Dico “nuovo” perché l’autore si è già confrontato con quello che potremmo definire una “idea poematica” del testo. Lo ha fatto con modalità differenti in L’opposta riva (2006) e Registro dei fragili (2009) per poi arrivare a strutturarsi in un flusso narrativo nel 2017, con Maiser, dove si raccontano sessant’anni della «storia comune di un uomo normale» e della sua famiglia, dal secondo dopoguerra fino ai primi lustri del nuovo millennio.
Proprio a Maiser sembra lrgarsi Il movimento elementare, dove la storia è sempre quella di un padre e di una famiglia. Ma qui la voce che narra è quella di un figlio, l’unico capace di affrancarsi dall’impronta di un destino che accomuna le generazioni e le seppellisce. Senza per questo dimenticare «ciò che è stato l’impianto di una famiglia sbagliata/le molte mancanze».
Basato quindi sulla storia vera, personale dell’autore, Il movimento elementare si pone nel solco di una poesia che vuole esplorare l’autobiografia in modo oggettivo, come viene usata da Annie Ernaux nei suoi lavori, fondendola con un contesto sociale e storico in cui siamo coinvoti tutti.
Così nei quattro capitoli in cui è diviso il libro, si attraversa l’evoluzione psicologica e morale di un padre (e non solo), insieme però agli eventi che incidono, trasformano una intera società dal 1940 al 2020.

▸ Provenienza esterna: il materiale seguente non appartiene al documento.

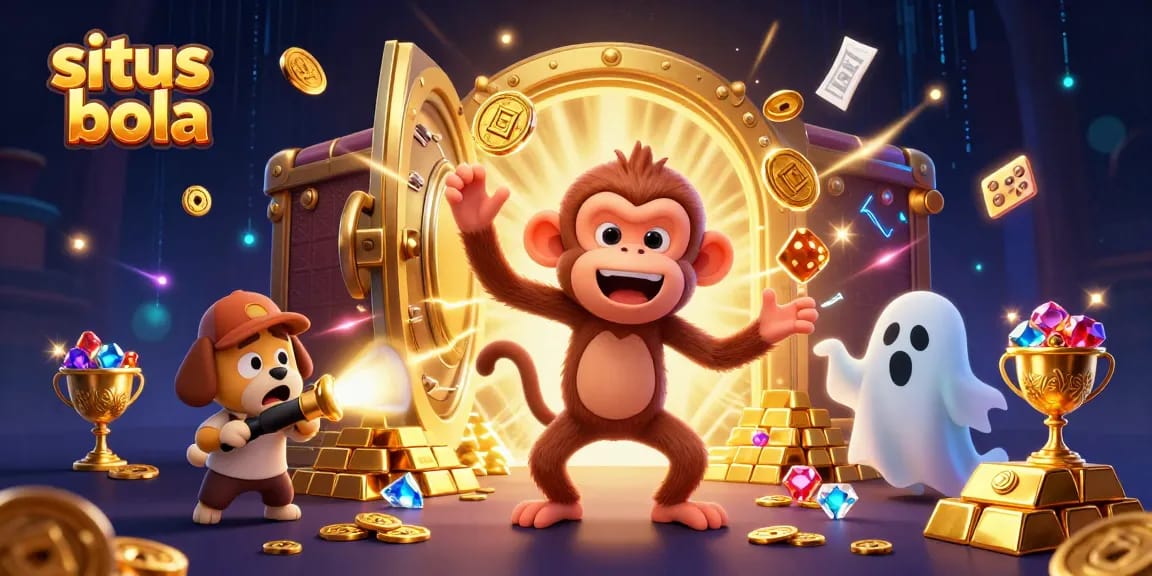 Bet on situs judi bola with excitement as a mischievous monkey juggles winnings in a haunted casino.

Quello che colpisce nella poesia di Alborghetti, è il trovarsi davanti a un testo in cui la tensione all’autobiografia non si trasforma in sentimentalismo crepuscolare, né in facile retorica degli affetti. Il dettato resta teso (forse vigile), asciutto, a tratti affilato. La pietas si avverte per il portato “giornalistico” di cui sono carichi gli eventi, praticamente mai perché strategicamente insufflata fra i versi.

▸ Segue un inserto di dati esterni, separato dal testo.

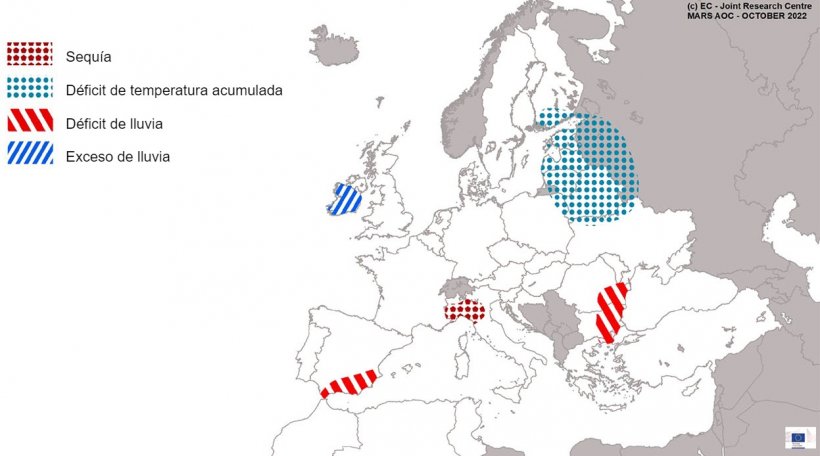 Mapa 1. Eventos climáticos extremos en Europa del 1 de septiembre al 21 de octubre de 2022 (fuente: MARS Butlletin 24/10/2022)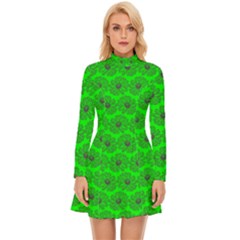 Gerbera Daisy Vector Tile Pattern Long Sleeve Velour Longline Dress by GardenOfOphir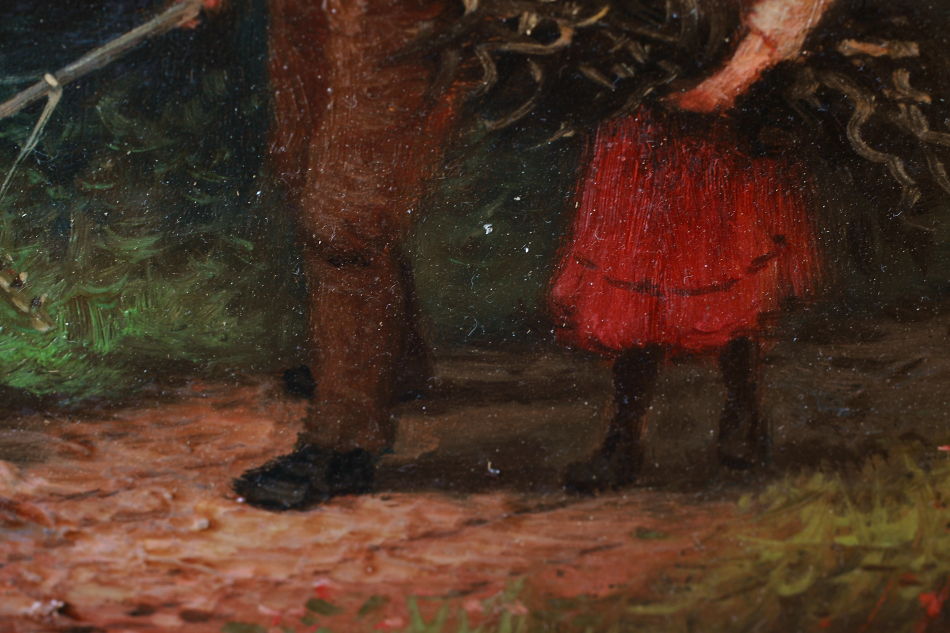 A Man With 2Children Approaching a River/oil paint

Una sobrietà testuale questa, che non vuole essere (e non è) cinismo esibito, bensì capacità di mettersi all’interno di quanto si racconta, senza che la materia tratta dal bagaglio delle esperienze private travolga in prima battuta il narratore.

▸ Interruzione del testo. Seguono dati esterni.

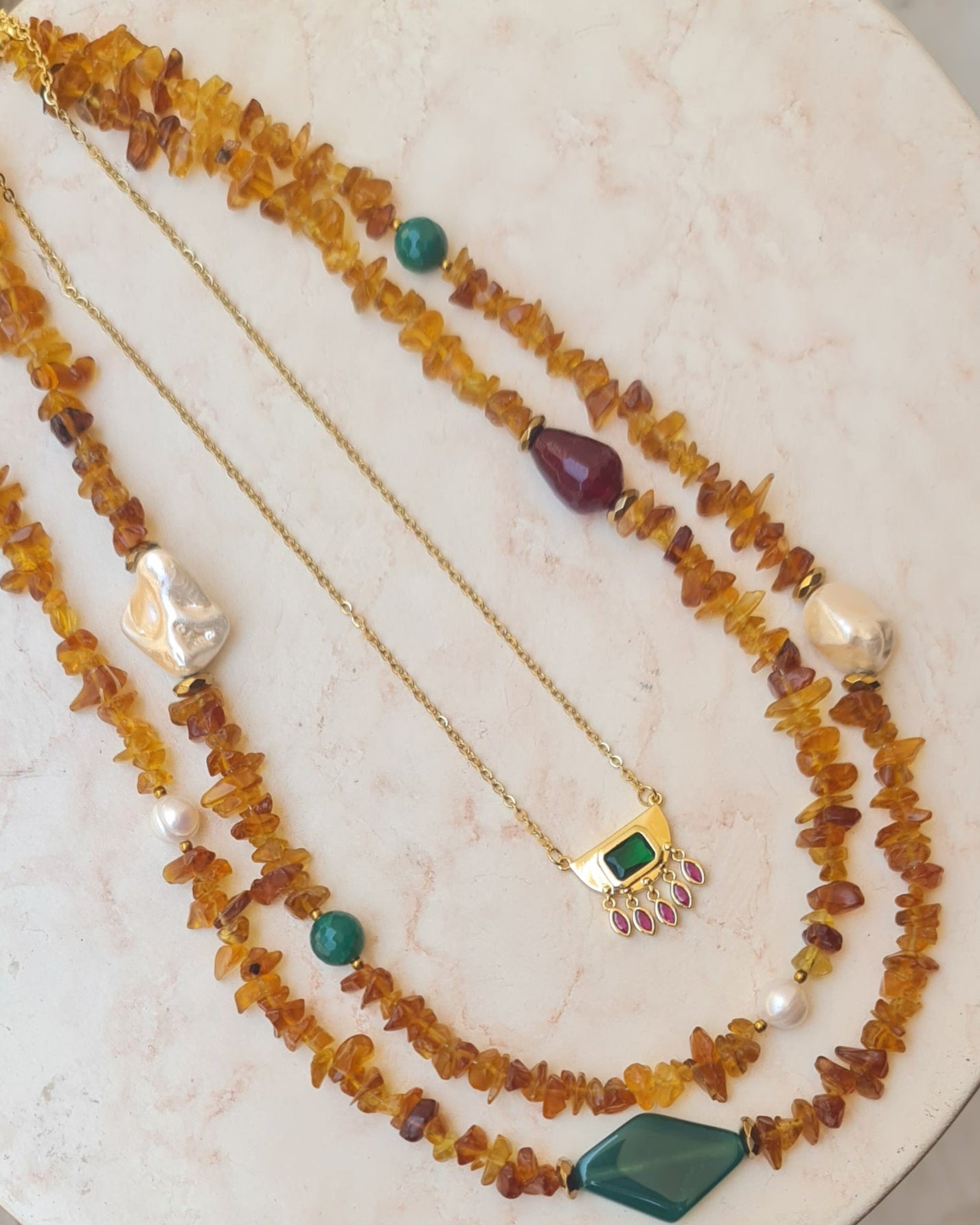 Two Layers Amber Necklace & Stainless Steel Chain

Iniziato nel 2020 e terminato nel 2025 dopo ben undici stesure, questo magnifico poema è un involontario altare al padre, al come l’uomo si possa raccontare senza gloria eppure senza bisogno di infierire. Bastano gli accadimenti a riempire di senso la vita di un uomo e di chi gli sta attorno.
È però anche un altare al figlio, al personaggio che dice io, che resta come pura voce («Il corpo del figlio scompare») cui spetta il compito di raccontare le vicende presenti nei canti, che ne ammette il peso, che finalmente rompe il cordone ombelicale con la famiglia, che nella massima trasparenza afferma «Io diserto». E mantiene fede alla sua volontà di essere altro, di non farsi catturare dal movimento elementare, dal «tornare dove tutto è iniziato». Tranne che per farne storia esemplare e non catena.